- Requirement
Up to and including the line with "O423456 Connecticut License Plate", restate every line of the records below word for word, from the first line on, leaving out the pictures.

━━━ Data for analysis ━━━

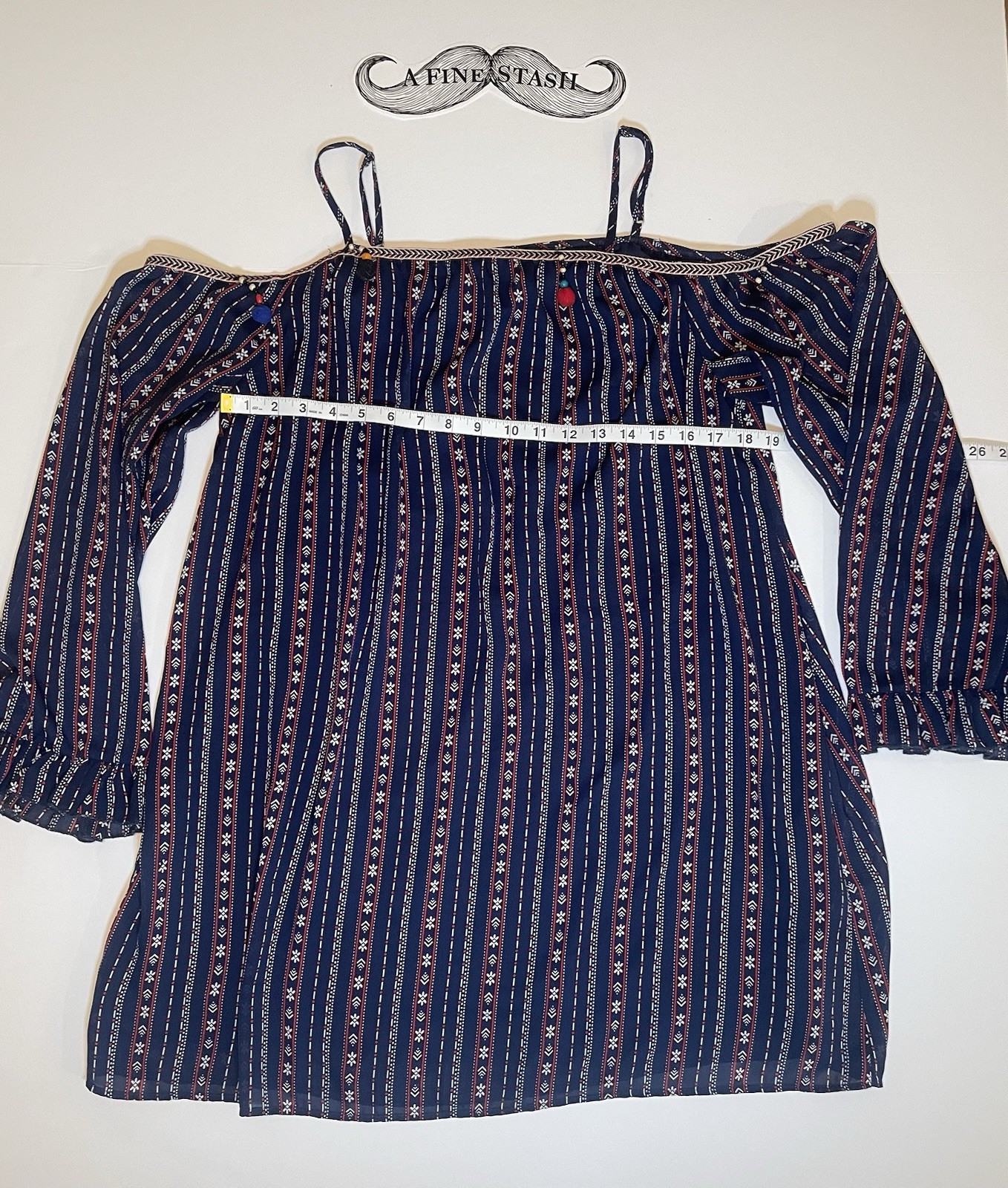 Women’s Very J Cold Shoulder Geometric Blue Boho Tunic Top Sz L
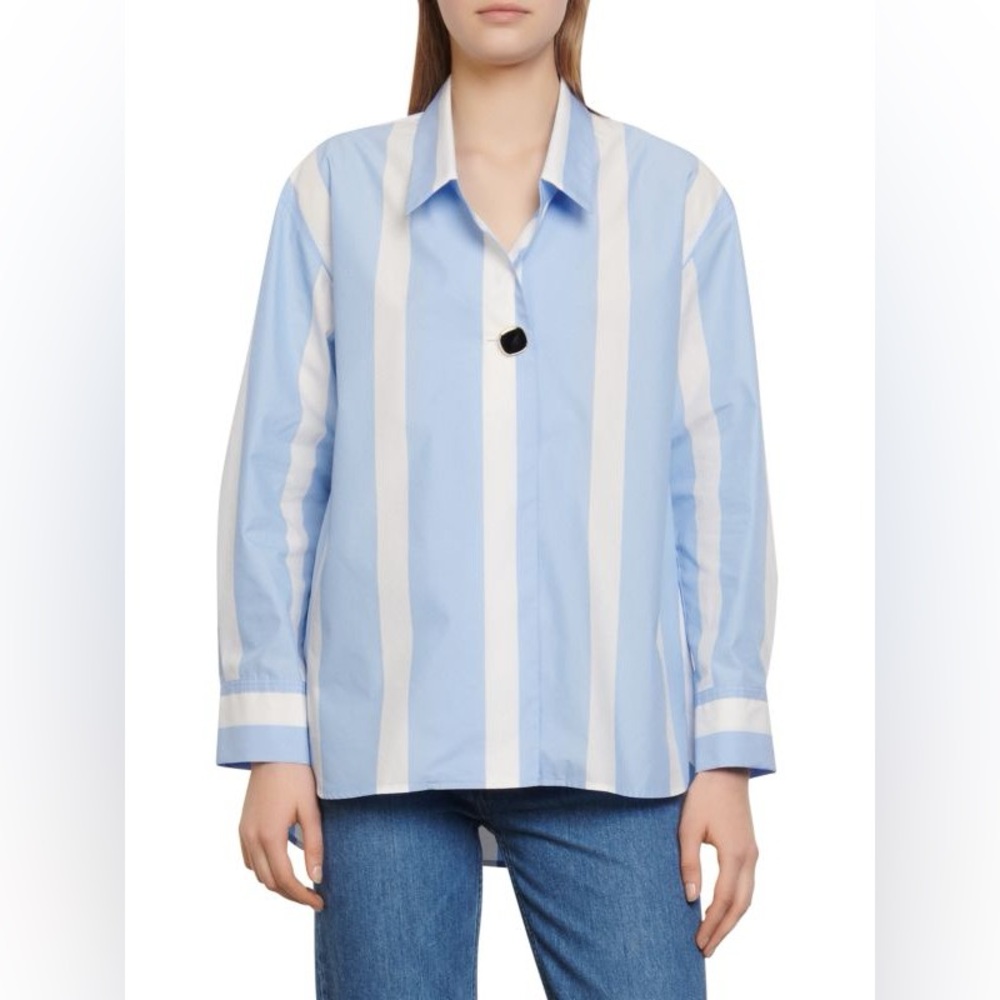 SANDRO ‎ Raja Stripe Shirt Size Small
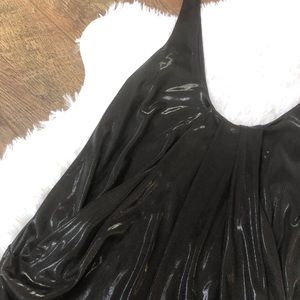 Diane Von Furstenberg Shiny Black scoop neck top 2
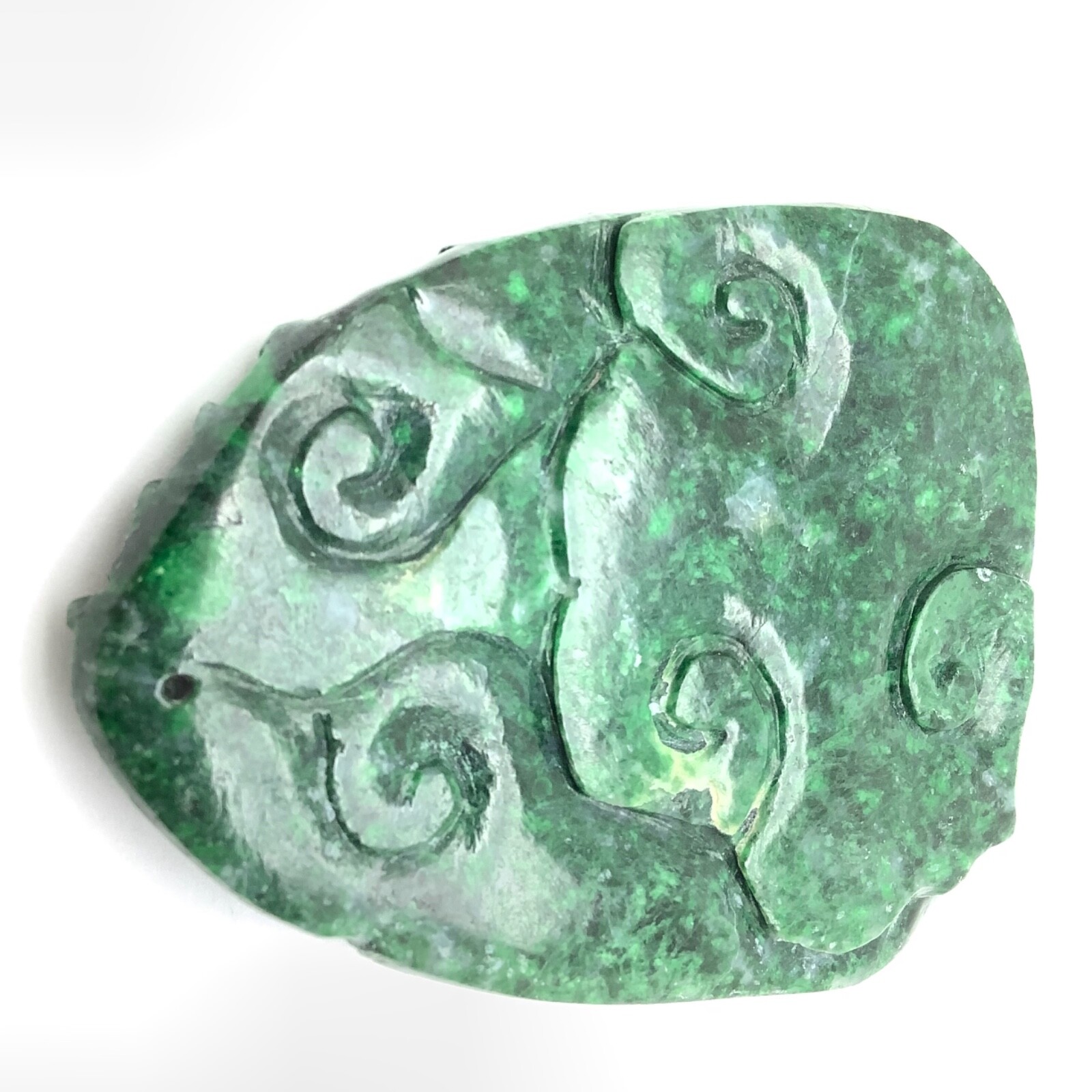 Burma Maw Sit Sit Dragon Pendant Chromium Green Albite Jadeite Carving Myanmar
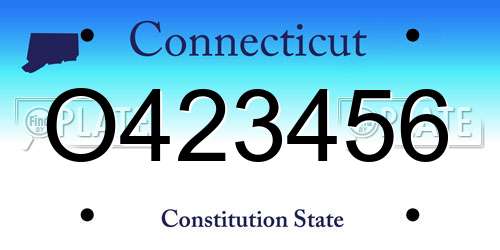 O423456 Connecticut License Plate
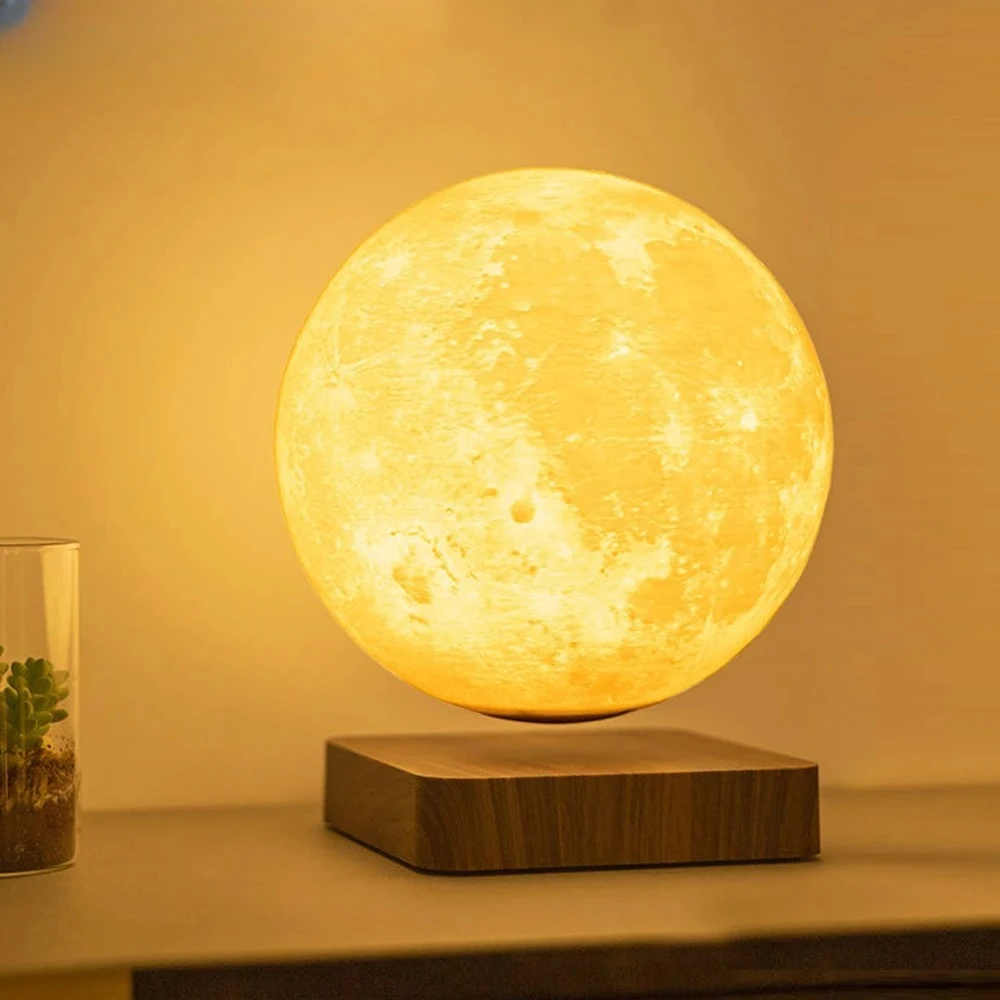 

Novelty Levitating Moon Night Light 360° Rotation Magnetic Floating Moon Lamp With 3 Colors For for Home Office Desk Decor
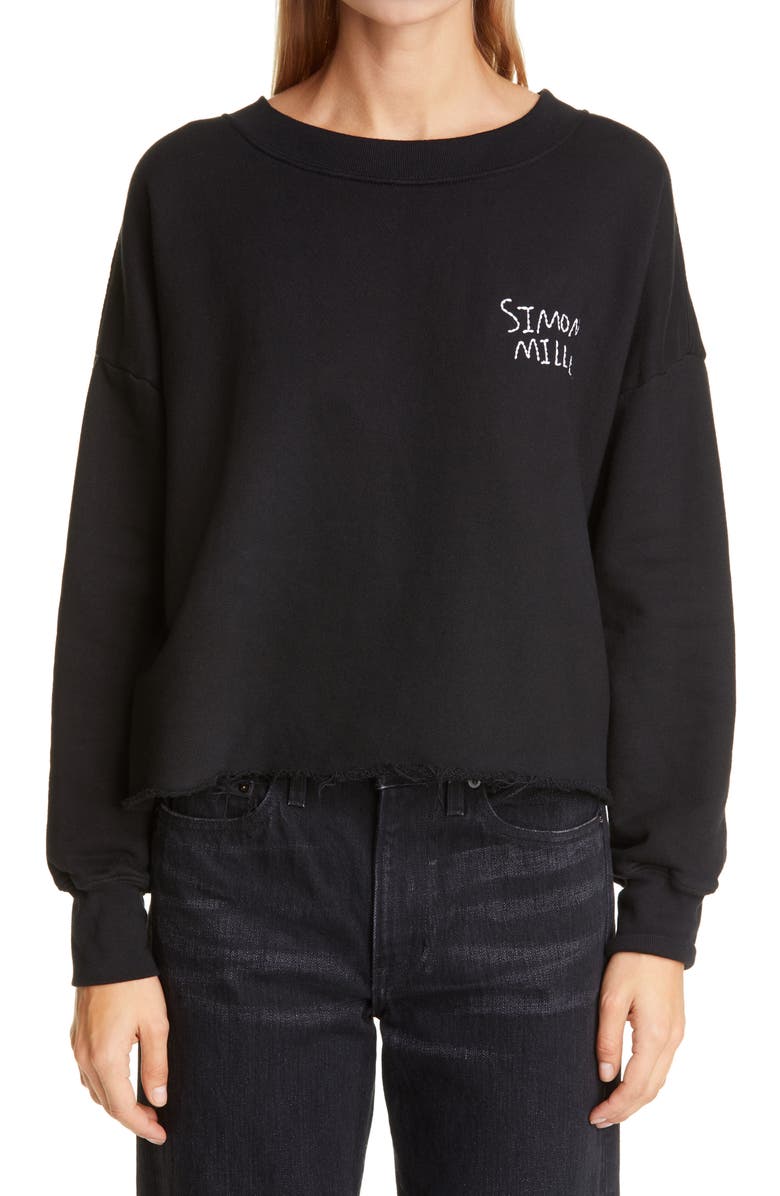 Simon Miller Logo Embroidered Crop Cotton Sweatshirt, Main, color,
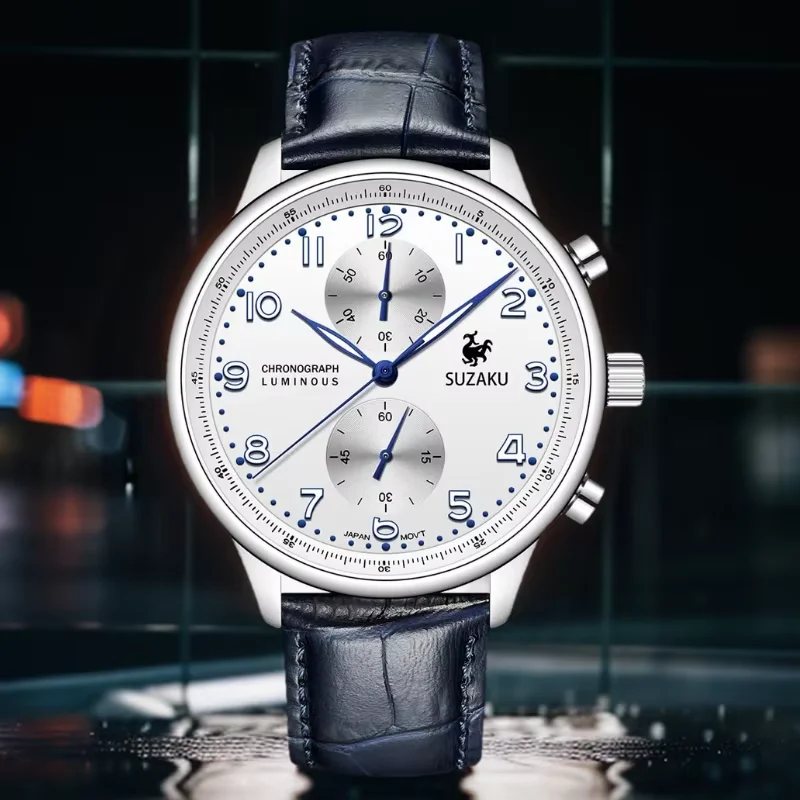 Neue PAGANI DESIGN Business- und Freizeit-Herren-Quarzuhr, wasserdicht, 100 m, Luxus-Leder, Sport-Quarz-Chronograph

━━━

- Written reply
 Women’s Very J Cold Shoulder Geometric Blue Boho Tunic Top Sz L
 SANDRO ‎ Raja Stripe Shirt Size Small
 Diane Von Furstenberg Shiny Black scoop neck top 2
 Burma Maw Sit Sit Dragon Pendant Chromium Green Albite Jadeite Carving Myanmar
 O423456 Connecticut License Plate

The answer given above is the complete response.